[The data]
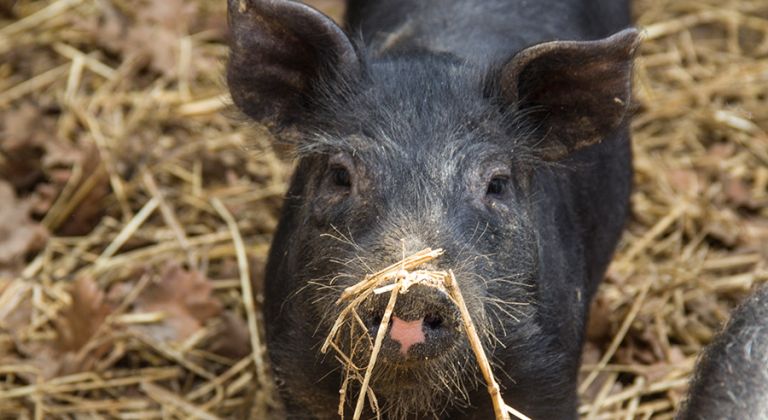 Αφρικανική Πανώλη των χοίρων: Αυξάνονται τα κρούσματα στη Ρωσία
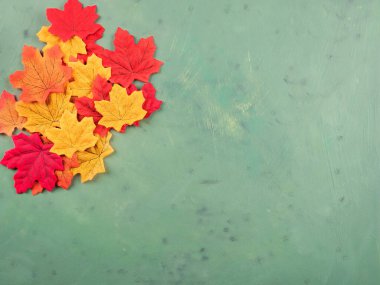 Çok renkli akçaağaç yaprakları koyu yeşil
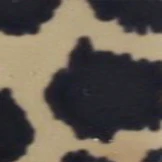 Kate Spade Jalena-S Progressive No-Lines - Image 21
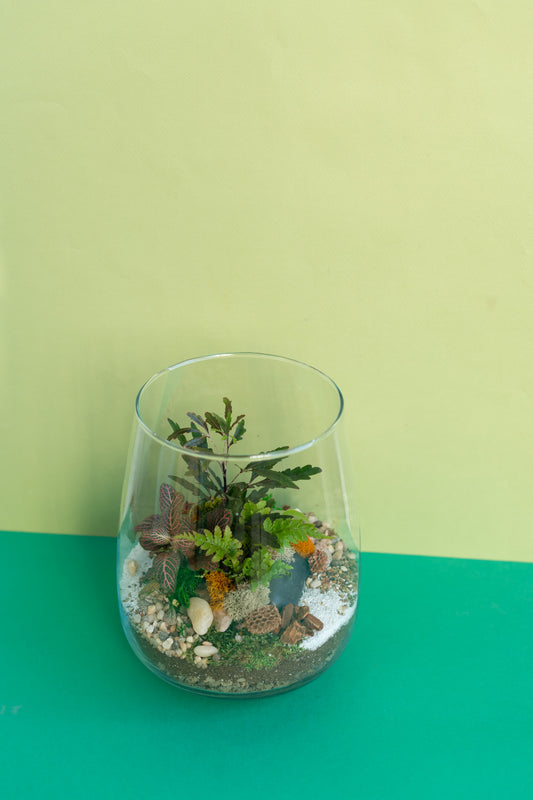 Large Tropical Tapered Tulip Terrarium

[Task statement]
Could you reproduce all of the material exactly? Keep the pictures out of it.

[Exercise result]
 Αφρικανική Πανώλη των χοίρων: Αυξάνονται τα κρούσματα στη Ρωσία
 Çok renkli akçaağaç yaprakları koyu yeşil
 Kate Spade Jalena-S Progressive No-Lines - Image 21
 Large Tropical Tapered Tulip Terrarium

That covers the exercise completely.